START SUPPLIED DATA

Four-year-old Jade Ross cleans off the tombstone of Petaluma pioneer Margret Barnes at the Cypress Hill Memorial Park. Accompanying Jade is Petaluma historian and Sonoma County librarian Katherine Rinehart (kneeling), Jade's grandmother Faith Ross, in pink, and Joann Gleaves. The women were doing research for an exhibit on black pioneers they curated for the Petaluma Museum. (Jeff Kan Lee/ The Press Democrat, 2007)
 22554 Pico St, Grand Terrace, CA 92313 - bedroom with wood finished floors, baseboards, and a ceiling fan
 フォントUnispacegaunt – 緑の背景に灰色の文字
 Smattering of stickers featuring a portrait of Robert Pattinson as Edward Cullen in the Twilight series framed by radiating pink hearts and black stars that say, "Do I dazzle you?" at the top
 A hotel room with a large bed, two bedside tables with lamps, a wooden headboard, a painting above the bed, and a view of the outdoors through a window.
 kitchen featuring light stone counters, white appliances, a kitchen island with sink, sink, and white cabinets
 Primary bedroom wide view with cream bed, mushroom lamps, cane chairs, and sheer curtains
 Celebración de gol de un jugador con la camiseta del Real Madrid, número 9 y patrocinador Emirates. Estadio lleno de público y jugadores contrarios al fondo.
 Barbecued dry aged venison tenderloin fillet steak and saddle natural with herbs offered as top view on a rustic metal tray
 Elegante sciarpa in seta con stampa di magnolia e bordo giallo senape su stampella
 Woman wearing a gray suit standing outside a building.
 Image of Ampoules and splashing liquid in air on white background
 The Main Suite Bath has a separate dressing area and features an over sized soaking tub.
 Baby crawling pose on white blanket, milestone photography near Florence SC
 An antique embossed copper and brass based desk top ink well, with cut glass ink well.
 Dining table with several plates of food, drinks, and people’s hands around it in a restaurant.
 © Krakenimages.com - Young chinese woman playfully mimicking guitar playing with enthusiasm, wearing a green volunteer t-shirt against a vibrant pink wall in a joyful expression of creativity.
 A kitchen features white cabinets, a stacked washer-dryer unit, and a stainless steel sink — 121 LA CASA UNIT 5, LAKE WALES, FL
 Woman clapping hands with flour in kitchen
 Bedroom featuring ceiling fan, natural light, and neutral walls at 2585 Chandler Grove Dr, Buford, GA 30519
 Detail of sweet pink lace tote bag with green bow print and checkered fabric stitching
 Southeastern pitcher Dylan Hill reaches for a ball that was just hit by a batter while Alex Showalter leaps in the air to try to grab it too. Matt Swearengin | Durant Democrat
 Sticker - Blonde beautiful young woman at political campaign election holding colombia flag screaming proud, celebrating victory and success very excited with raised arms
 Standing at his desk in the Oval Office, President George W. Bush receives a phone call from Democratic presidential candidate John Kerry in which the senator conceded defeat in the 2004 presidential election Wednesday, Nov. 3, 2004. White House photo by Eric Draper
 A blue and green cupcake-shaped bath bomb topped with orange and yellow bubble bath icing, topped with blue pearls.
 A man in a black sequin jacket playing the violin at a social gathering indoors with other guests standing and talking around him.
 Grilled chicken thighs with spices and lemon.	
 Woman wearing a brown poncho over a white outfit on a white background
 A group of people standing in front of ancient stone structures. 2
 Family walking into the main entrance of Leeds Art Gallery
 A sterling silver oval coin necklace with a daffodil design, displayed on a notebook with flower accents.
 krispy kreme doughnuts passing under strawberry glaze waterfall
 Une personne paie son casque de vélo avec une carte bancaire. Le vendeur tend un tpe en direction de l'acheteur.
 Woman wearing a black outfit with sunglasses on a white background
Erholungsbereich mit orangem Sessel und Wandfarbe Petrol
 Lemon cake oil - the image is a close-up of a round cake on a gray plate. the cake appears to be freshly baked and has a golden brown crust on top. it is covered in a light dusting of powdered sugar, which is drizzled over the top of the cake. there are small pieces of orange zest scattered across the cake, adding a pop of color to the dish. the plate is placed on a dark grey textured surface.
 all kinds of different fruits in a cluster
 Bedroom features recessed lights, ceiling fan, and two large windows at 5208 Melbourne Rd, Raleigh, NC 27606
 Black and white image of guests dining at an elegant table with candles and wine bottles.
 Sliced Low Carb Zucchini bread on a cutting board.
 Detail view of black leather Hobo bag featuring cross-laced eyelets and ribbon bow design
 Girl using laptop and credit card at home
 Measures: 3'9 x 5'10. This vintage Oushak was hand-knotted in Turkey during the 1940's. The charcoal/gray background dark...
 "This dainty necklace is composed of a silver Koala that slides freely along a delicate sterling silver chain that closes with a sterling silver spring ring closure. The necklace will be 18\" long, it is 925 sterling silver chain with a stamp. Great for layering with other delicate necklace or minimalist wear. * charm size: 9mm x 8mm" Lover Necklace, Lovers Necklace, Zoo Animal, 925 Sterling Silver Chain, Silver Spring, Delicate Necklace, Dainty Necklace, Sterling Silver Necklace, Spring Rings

END SUPPLIED DATA

• EXERCISE: Once you reach the line with "A hotel room" in the data above, copy it and every line after it exactly, up to and including the line with "Primary bedroom wide".

• EXPECTED ANSWER:
 A hotel room with a large bed, two bedside tables with lamps, a wooden headboard, a painting above the bed, and a view of the outdoors through a window.
 kitchen featuring light stone counters, white appliances, a kitchen island with sink, sink, and white cabinets
 Primary bedroom wide view with cream bed, mushroom lamps, cane chairs, and sheer curtains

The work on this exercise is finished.